Hacker News new | ask | show | jobs
by luckylion 637 days ago
To be fair, some 20 years ago when I wanted to do something with Wikipedia data, I scraped them too, after having tried quite a bit to use the dumps.

- dump availability was shaky at best back then (could see months go by without successful dumps)

- you had to fiddle with it to actually process the dumps

- you'd get the full wikipedia content, but you didn't have the exact wikipedia mediawiki setup, so a bunch of things were not rendered

- you couldn't get their exact version of mediawiki, because they added more than what was released openly

Now, I'm not saying that they were wrong to do that back then, and I assume things have improved. Their mission wasn't to provide an easy way to download & import the data so it wasn't a focus topic, and they probably ran more bleeding edge versions of mediawiki and plugins that they didn't deem stable enough for general public consumption. But it made it very hard to do "the right thing", and just whipping up a script to fetch the URLs I cared about (it was in Perl back then!) was orders of magnitude faster.

At least for me, had they offered an easy way to set up a local mirror, I would've done that.
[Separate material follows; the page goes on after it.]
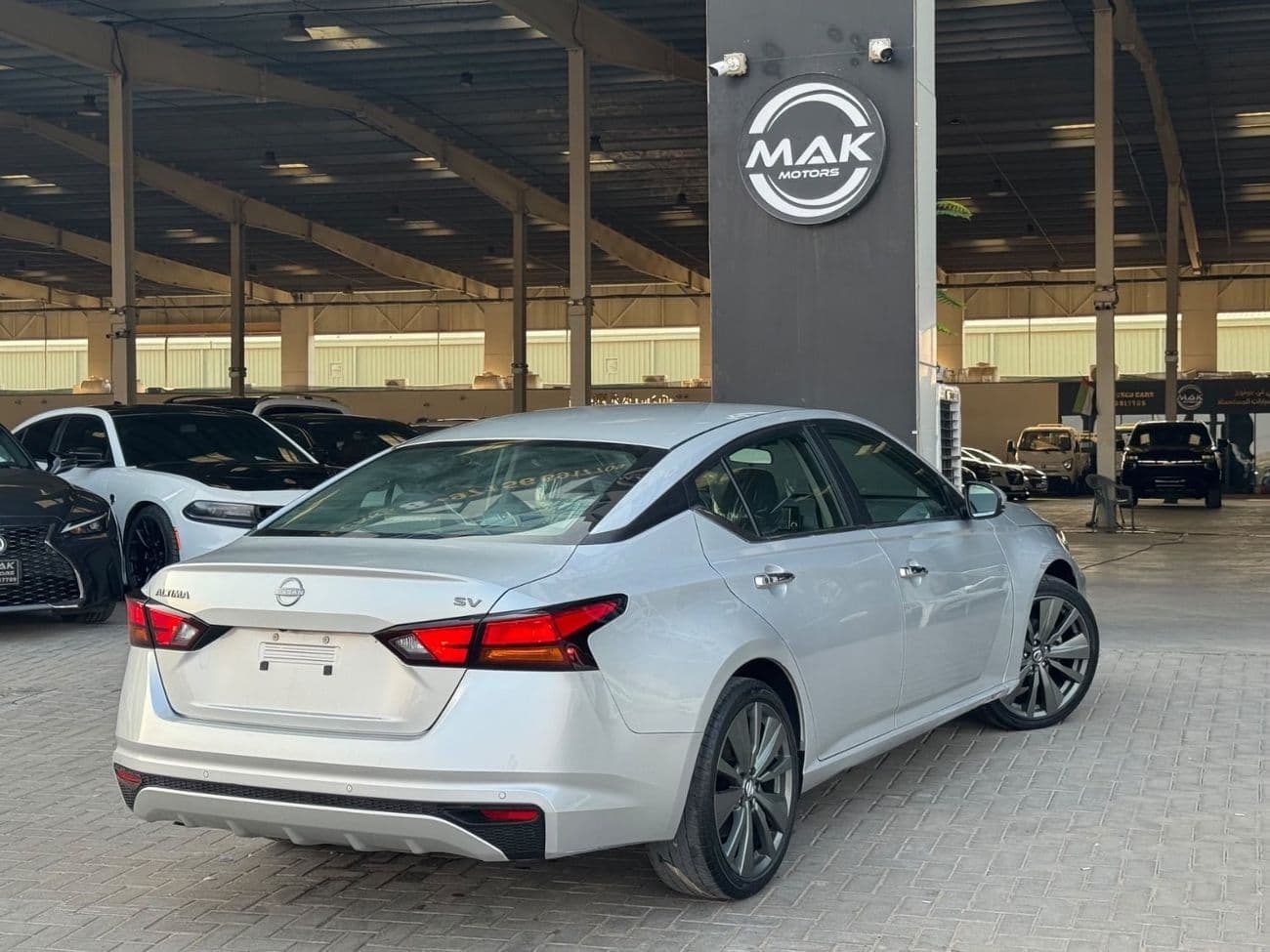 2024 Nissan Altima SV thumbnail 4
I assume this is similar for many scrapers: they're extremely experienced at building scrapers, but they have no idea how to set up some software and how to import dumps that may or may not be easy to manage, so to them the cost of writing a scraper is much smaller. If you shift that imbalance, you probably won't stop everyone from hitting your live servers, but you'll stop some because it's easier for them not to and instead get the same data from a way that you provided them.

1 comments

Can relate. I've used their dumps, and one task was to generate a paragraph summary. The dumps themselves use wiki markup which obviously adds an entirely new level of complexity. There are dumps of "summaries" but they're fairly broken, seemingly due to an ever evolving wiki markup syntax. I believe there are other ways to parse them though, which involves downloading a bunch of other people's code.

So if someone were to scrape the front end for the first paragraph element or whatever, it may make their life easier.